Does this summation $ \sum_{x=a}^b \frac{p(1-p)^x}{(1-p)^a-(1-p)^b} $ equal 1?

I believe that I have found the PMF of a truncated geometric distribution, however I want to verify that this is a valid PMF by showing its sum is equal to 1. In the following PMF, the random variable x is bounded between a and b:

$ P(X = x) = \frac{p(1-p)^x}{(1-p)^a-(1-p)^b}$

Given a, b, and p are all constants (a and b are both positive integers, and 0 < p < 1), is it possible to show that the summation is equal to 1:

$\sum_{x=a}^b P(X=x) = 1$ ?

The sum is a geometric series of the form $$\sum_{i=0}^{b-a} \alpha z^i=\alpha\frac{1-z^{b-a+1}}{1-z}$$ where:$$\begin{align} \alpha&=\frac{p(1-p)^a}{(1-p)^a-(1-p)^b}\\ z&=1-p \end{align} $$

So the sum you get is $$\frac{p(1-p)^a}{(1-p)^a-(1-p)^b}\cdot\frac{1-(1-p)^{b-a+1}}{p}\\=\frac{(1-p)^a-(1-p)^{b+1}}{(1-p)^a-(1-p)^{b}}$$

That is not $1,$ but it becomes $1$ if you change the sum to $\sum_{x=a}^{b-1},$ or if you change the $b$ in the denominator of $P(X=x)$ to $b+1.$

Notice that the only variable of the sum is at the numerator. $x$ runs from $a$ to $b$, two values.
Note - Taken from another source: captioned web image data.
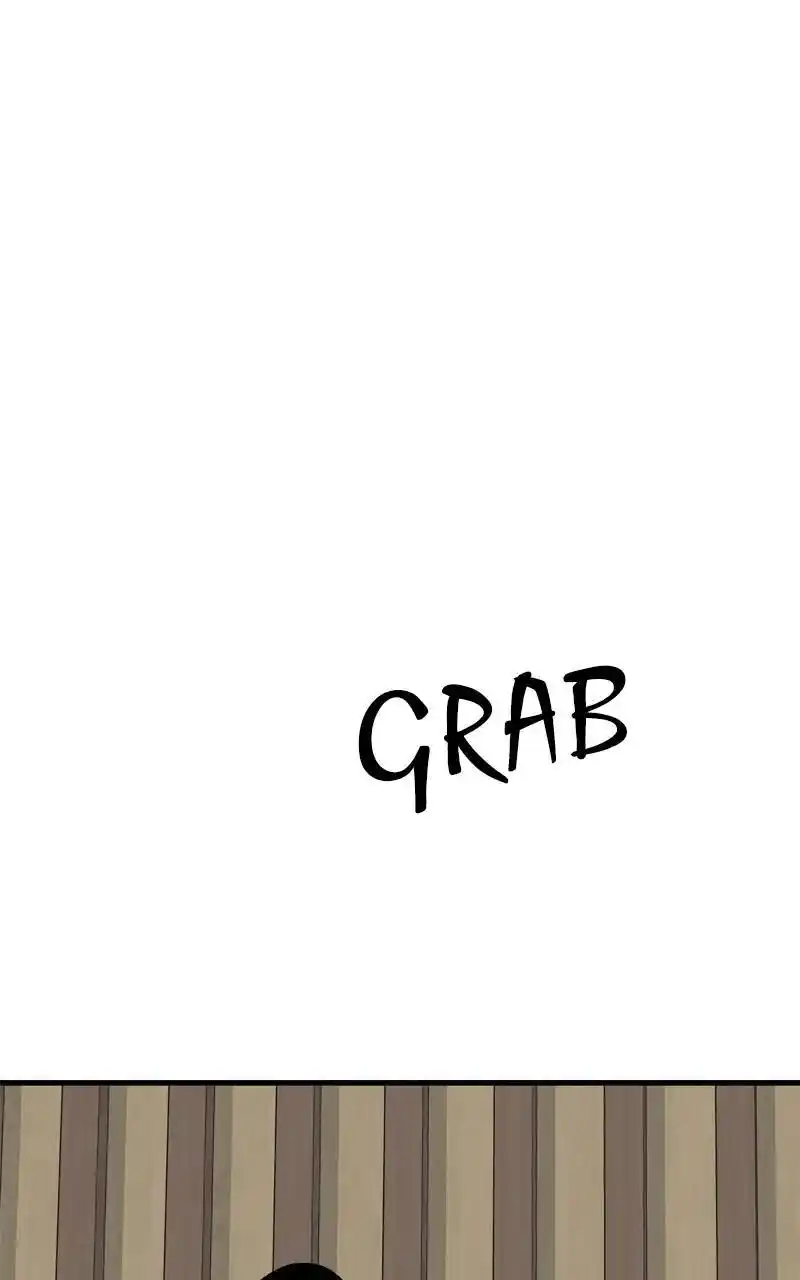 Eyes (Jung Summer) Chapter 94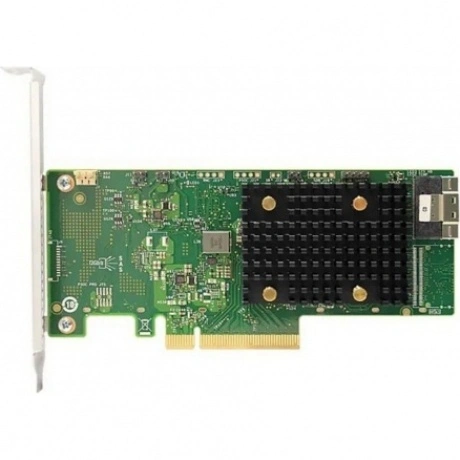 RAID контроллер Broadcom 9540-8i (05-50134-03)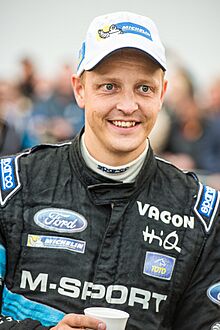 2014 Rallye Deutschland by 2eight 8SC0415.jpg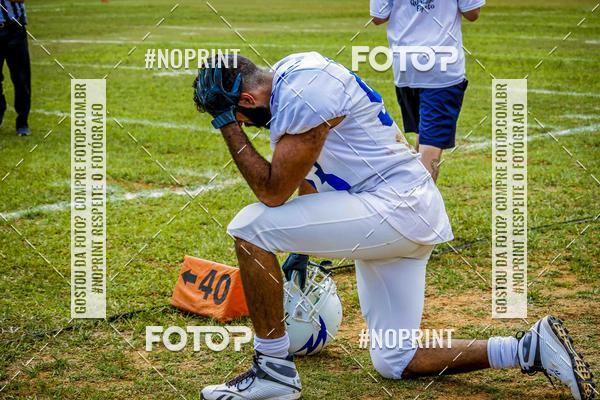 Buy your photos of the eventFutebol Americano Liga BFA S�o Paulo Storm x Corinthians Steamroller 14hs  on Fotop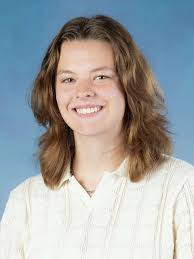 Huron County recognizes top 50 students of 2025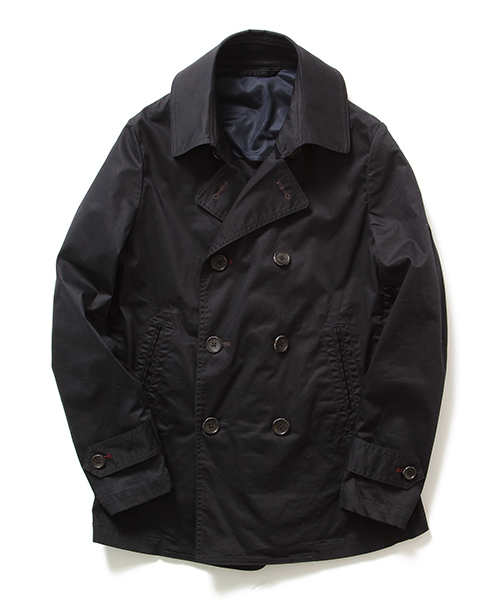 BEAMS LIGHTS Men's（ビームスライツ メンズ）の「BEAMS LIGHTS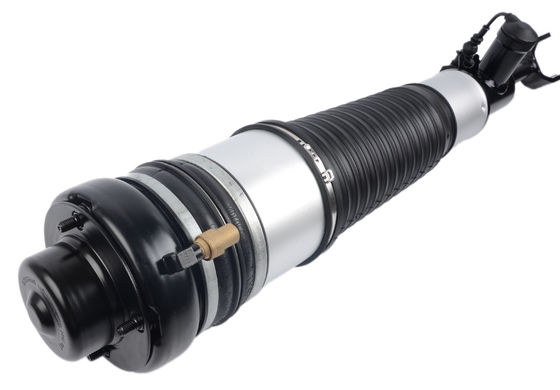 อุปกรณ์ลดกระแทกระบายอากาศระดับพรีเมี่ยม 4F0616039AA หน้า Audi A6 C6 4F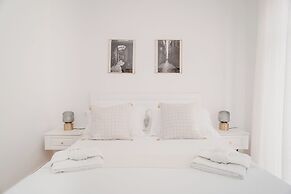 Vista Napoli Residence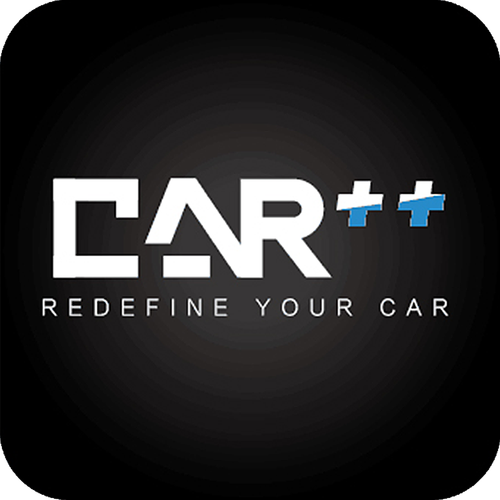 car++安卓中文版截图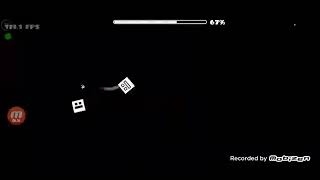 (120hz mobile) Killbot DX 100%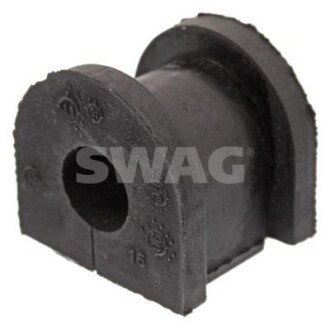 Втулка стабілізатора SWAG 85 94 2007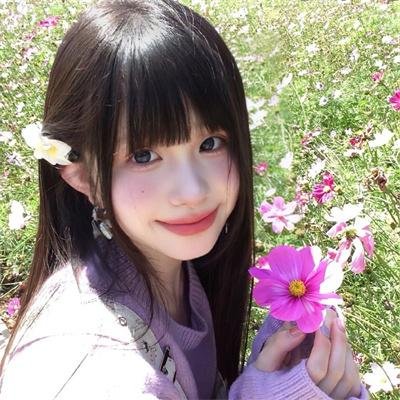 长津湖之水门桥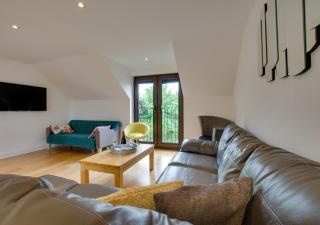 Hendy Marian - Llangadwaladr - 6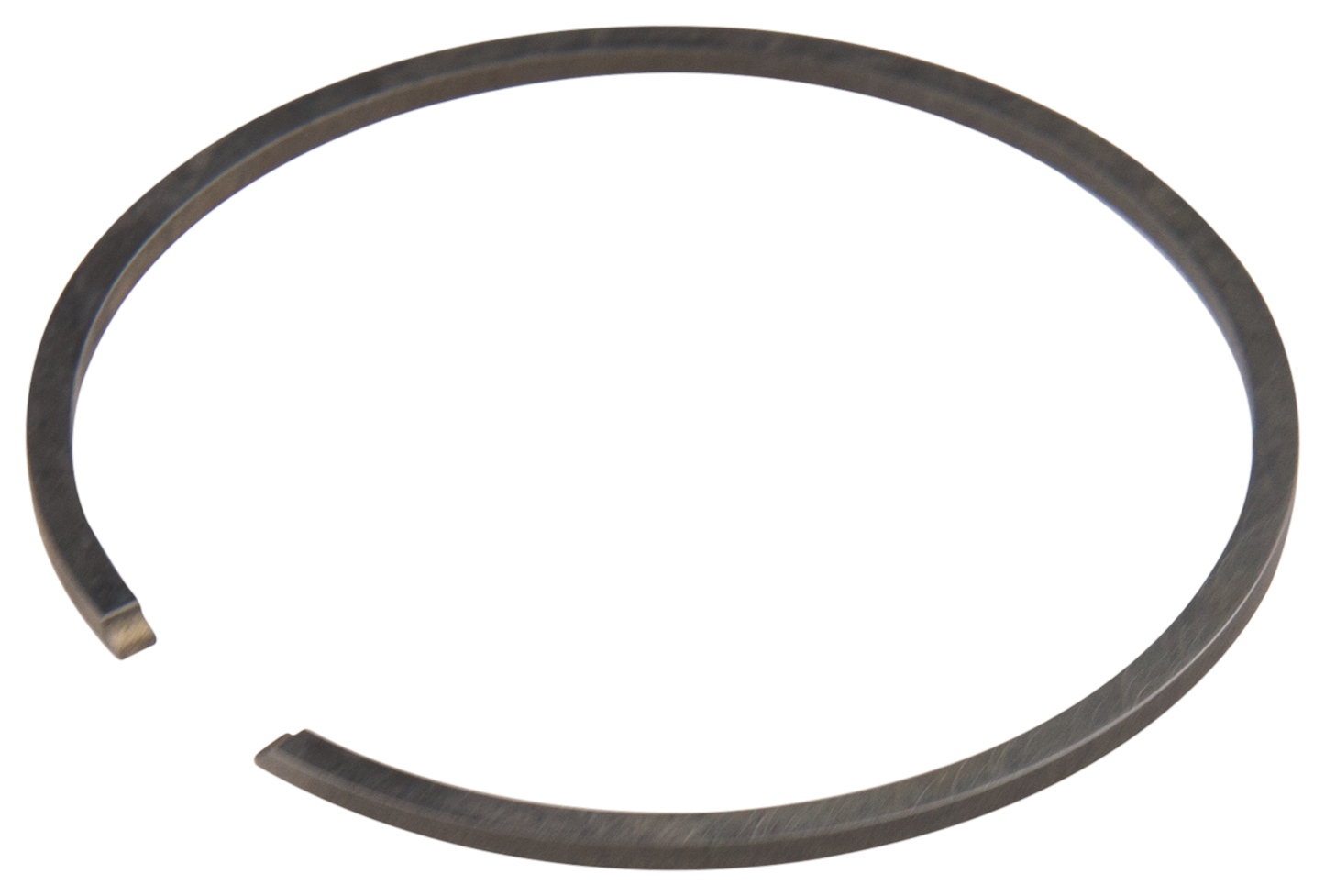 KOLBENRING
The series can be compute by pen, and gives the result

$$\frac{(1-p)^a+p (1-p)^b-(1-p)^b}{(1-p)^a-(1-p)^b}$$

Which can be simplified into

$$p \left(\frac{1}{1-(1-p)^{b-a}}-1\right)+1$$

Which as you can see it's not 1.

We have $$\sum_{x=a}^b \frac{p(1-p)^x}{(1-p)^a-(1-p)^b}\\= \frac{p}{(1-p)^a-(1-p)^b} \sum_{x=a}^b(1-p)^x\\ =\frac{p(1-p)^a}{(1-p)^a-(1-p)^b} \sum_{x=0}^{b-a}(1-p)^x\\ =\frac{p(1-p)^a}{(1-p)^a-(1-p)^b}\frac{(1-p)^{b-a+1}-1}{((1-p)-1}\\ =\frac{(1-p)^{b-a+1}-1}{(1-p)^{b-a}-1}$$ So the answer is no. But $$\sum_{x=a}^{b-1} \frac{p(1-p)^x}{(1-p)^a-(1-p)^{b}}=1$$